# ASSIGNMENT
Your response to the data below should hold nothing except the lines from the one containing "give a thumbs" down to the one containing "So as you can", reproduced exactly and without pictures.

# LISTED ENTRIES
[Start of section]
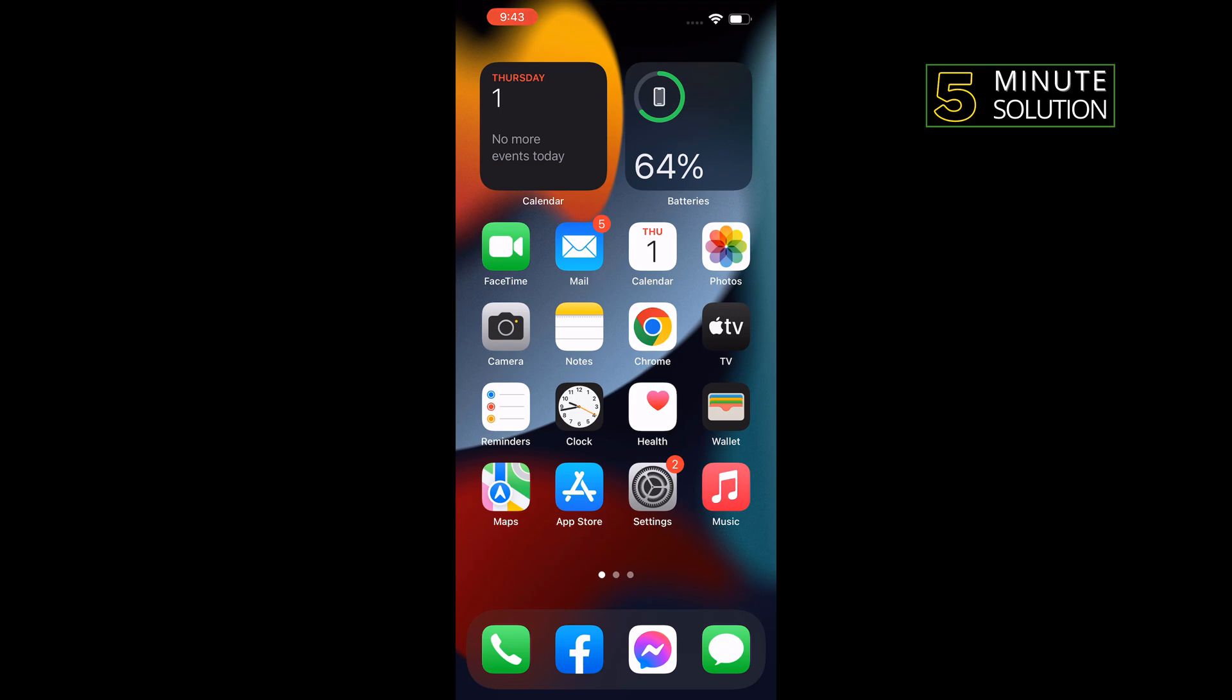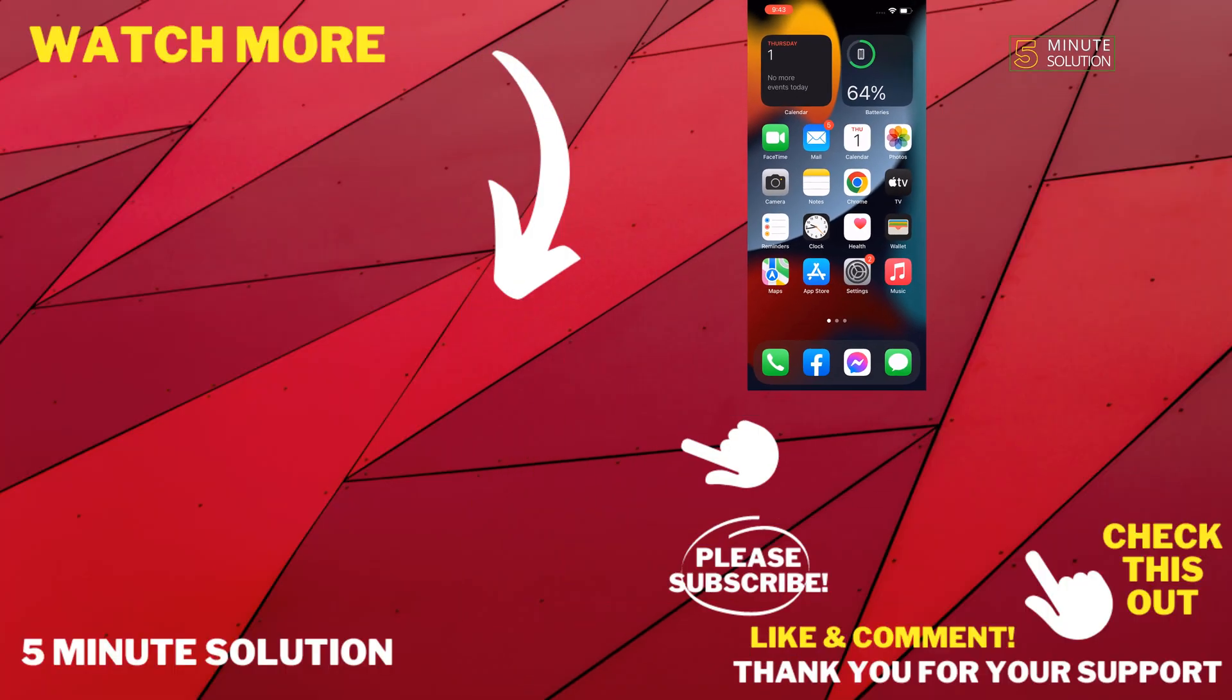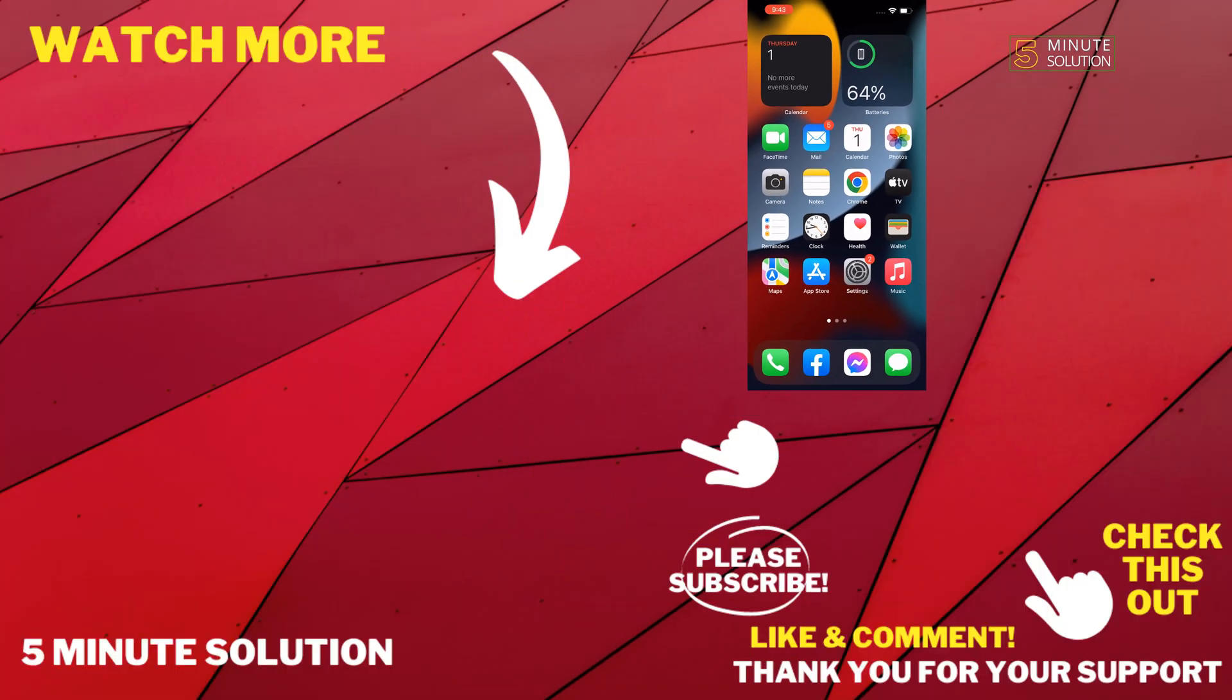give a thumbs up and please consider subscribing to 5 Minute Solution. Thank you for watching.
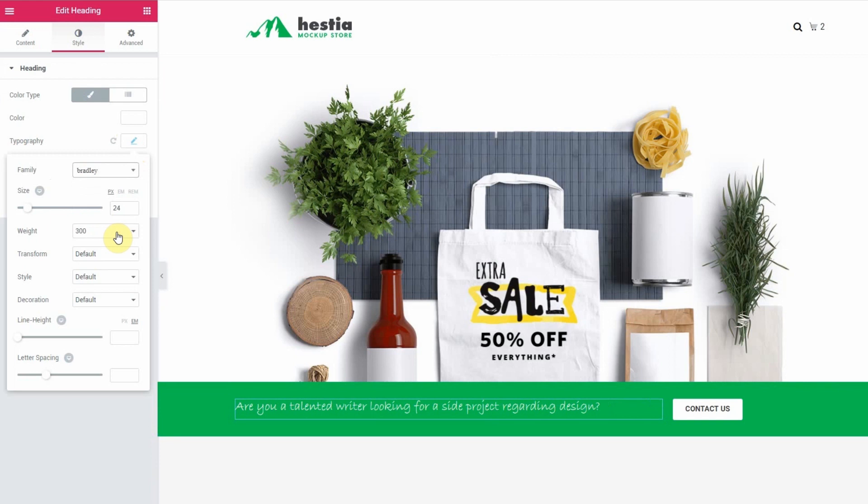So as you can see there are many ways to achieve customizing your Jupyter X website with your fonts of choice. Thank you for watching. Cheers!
[End of section]
[Start of section]
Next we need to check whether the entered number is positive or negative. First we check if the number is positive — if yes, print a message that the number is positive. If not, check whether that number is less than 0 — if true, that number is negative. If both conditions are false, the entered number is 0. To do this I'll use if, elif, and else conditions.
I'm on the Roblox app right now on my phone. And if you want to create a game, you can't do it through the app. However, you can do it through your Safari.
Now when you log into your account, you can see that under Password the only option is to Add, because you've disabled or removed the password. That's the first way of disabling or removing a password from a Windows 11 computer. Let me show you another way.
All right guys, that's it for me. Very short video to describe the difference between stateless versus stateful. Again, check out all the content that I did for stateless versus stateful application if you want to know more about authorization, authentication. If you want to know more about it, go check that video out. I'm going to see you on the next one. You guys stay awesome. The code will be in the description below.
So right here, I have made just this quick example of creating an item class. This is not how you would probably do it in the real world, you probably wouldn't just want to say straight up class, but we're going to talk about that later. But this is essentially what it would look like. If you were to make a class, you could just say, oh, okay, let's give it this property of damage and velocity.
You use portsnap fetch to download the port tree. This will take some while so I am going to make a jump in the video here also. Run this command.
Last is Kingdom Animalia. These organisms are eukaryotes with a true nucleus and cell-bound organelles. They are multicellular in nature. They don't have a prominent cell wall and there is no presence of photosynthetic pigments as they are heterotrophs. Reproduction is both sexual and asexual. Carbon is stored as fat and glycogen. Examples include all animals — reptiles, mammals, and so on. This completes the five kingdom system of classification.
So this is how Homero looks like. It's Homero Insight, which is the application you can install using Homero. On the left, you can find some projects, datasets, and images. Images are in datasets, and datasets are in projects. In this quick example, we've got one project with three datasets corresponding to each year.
[End of section]
[Start of section]
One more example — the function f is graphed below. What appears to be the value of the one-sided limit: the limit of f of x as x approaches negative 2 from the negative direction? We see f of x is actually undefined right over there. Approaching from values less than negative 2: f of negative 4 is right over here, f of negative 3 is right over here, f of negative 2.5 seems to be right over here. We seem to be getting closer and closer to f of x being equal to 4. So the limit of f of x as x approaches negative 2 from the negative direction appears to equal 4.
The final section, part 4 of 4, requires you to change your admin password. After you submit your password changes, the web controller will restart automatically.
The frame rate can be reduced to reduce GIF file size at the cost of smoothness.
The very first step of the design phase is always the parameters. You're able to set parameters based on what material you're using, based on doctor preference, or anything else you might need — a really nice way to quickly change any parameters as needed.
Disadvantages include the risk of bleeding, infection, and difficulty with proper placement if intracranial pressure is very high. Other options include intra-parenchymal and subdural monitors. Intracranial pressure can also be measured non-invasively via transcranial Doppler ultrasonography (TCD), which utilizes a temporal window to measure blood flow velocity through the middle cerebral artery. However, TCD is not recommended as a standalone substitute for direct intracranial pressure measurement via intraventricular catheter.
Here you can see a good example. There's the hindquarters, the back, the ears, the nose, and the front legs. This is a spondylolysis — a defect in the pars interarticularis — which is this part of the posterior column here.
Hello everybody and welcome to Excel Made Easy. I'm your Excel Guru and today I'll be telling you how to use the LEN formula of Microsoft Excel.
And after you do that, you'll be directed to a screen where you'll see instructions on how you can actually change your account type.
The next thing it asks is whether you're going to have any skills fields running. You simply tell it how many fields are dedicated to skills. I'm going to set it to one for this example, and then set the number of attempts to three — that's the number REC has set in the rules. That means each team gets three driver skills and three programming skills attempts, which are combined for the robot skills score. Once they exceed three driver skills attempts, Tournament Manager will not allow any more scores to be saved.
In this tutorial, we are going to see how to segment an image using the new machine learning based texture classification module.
[End of section]
# SOLUTION
give a thumbs up and please consider subscribing to 5 Minute Solution. Thank you for watching.
So as you can see there are many ways to achieve customizing your Jupyter X website with your fonts of choice. Thank you for watching. Cheers!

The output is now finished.